Filter the entries, keeping every line with the string "baths".
======== MATERIAL PROVIDED
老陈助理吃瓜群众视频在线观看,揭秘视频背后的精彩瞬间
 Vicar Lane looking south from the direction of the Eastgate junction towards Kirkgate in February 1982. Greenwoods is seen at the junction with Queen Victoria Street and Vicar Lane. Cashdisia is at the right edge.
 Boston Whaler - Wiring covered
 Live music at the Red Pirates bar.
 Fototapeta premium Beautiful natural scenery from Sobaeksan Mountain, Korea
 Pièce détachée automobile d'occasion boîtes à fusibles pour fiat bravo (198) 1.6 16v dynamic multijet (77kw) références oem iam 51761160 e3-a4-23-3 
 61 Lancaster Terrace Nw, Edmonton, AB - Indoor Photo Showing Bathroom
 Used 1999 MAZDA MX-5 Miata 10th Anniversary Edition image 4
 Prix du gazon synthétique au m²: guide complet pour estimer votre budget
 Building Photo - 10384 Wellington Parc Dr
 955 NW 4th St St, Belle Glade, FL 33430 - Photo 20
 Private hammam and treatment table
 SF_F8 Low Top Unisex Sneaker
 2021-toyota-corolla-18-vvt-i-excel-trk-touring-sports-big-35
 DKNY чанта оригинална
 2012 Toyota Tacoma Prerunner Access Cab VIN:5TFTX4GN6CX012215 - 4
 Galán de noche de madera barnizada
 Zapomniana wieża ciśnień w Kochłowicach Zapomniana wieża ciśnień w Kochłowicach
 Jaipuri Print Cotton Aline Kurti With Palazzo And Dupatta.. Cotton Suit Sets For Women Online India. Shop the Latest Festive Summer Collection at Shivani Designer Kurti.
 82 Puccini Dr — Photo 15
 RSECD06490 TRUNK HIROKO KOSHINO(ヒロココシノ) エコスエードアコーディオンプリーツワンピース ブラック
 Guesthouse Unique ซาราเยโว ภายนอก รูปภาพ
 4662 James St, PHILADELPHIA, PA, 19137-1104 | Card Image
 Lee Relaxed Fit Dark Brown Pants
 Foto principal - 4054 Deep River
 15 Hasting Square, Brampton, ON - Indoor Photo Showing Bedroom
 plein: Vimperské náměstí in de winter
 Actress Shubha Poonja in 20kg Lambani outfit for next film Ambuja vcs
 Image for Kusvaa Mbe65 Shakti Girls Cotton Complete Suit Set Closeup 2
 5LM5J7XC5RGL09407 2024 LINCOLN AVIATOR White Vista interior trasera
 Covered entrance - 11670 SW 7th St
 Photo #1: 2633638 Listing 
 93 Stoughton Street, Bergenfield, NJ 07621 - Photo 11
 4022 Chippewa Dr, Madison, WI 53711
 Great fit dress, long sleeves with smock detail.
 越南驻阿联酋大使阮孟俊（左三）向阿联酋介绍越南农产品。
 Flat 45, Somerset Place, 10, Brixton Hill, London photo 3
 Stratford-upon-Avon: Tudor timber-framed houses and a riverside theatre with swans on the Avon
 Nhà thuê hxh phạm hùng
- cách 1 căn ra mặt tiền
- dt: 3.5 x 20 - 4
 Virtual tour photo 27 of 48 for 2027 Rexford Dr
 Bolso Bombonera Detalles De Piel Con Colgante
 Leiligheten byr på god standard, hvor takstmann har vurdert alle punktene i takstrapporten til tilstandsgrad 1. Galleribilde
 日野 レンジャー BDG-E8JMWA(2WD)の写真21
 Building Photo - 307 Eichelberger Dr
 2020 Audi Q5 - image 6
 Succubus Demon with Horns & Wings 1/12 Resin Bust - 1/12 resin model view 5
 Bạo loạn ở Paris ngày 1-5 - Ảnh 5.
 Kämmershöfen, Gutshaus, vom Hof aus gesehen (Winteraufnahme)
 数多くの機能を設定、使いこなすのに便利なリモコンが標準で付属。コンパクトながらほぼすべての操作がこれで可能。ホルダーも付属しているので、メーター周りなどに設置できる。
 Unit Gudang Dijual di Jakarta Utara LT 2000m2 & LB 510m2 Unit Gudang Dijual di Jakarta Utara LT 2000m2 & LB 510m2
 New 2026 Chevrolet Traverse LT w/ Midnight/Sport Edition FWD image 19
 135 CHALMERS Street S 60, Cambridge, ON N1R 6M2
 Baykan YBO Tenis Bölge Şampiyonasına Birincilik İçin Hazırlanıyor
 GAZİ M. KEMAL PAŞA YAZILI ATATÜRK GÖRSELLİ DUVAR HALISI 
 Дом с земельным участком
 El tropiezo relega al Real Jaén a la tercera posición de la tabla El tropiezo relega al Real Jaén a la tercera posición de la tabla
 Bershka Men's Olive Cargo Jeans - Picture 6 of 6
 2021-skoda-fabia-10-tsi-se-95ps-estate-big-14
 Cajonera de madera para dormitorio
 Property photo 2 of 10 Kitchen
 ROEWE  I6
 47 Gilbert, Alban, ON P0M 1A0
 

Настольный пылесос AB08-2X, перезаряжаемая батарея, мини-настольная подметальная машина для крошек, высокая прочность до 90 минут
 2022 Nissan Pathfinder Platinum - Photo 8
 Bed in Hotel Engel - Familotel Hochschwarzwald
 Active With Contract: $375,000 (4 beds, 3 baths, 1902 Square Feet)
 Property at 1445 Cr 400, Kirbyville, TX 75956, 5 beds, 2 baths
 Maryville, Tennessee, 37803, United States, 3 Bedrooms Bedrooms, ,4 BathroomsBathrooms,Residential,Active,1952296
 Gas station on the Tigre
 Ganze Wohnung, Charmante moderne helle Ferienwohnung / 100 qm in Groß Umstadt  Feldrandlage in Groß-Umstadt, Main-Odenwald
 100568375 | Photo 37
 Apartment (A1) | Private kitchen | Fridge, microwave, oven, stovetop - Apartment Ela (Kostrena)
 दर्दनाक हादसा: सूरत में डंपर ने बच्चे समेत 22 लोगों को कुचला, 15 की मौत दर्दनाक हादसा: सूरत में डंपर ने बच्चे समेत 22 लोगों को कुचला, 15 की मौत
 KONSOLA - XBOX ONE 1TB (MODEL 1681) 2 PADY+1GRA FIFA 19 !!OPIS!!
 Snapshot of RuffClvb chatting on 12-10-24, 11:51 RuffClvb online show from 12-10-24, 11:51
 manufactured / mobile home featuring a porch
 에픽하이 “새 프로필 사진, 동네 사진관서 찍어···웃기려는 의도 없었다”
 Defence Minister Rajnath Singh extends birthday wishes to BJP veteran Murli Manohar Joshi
================
EXERCISE ANSWER:
 Active With Contract: $375,000 (4 beds, 3 baths, 1902 Square Feet)
 Property at 1445 Cr 400, Kirbyville, TX 75956, 5 beds, 2 baths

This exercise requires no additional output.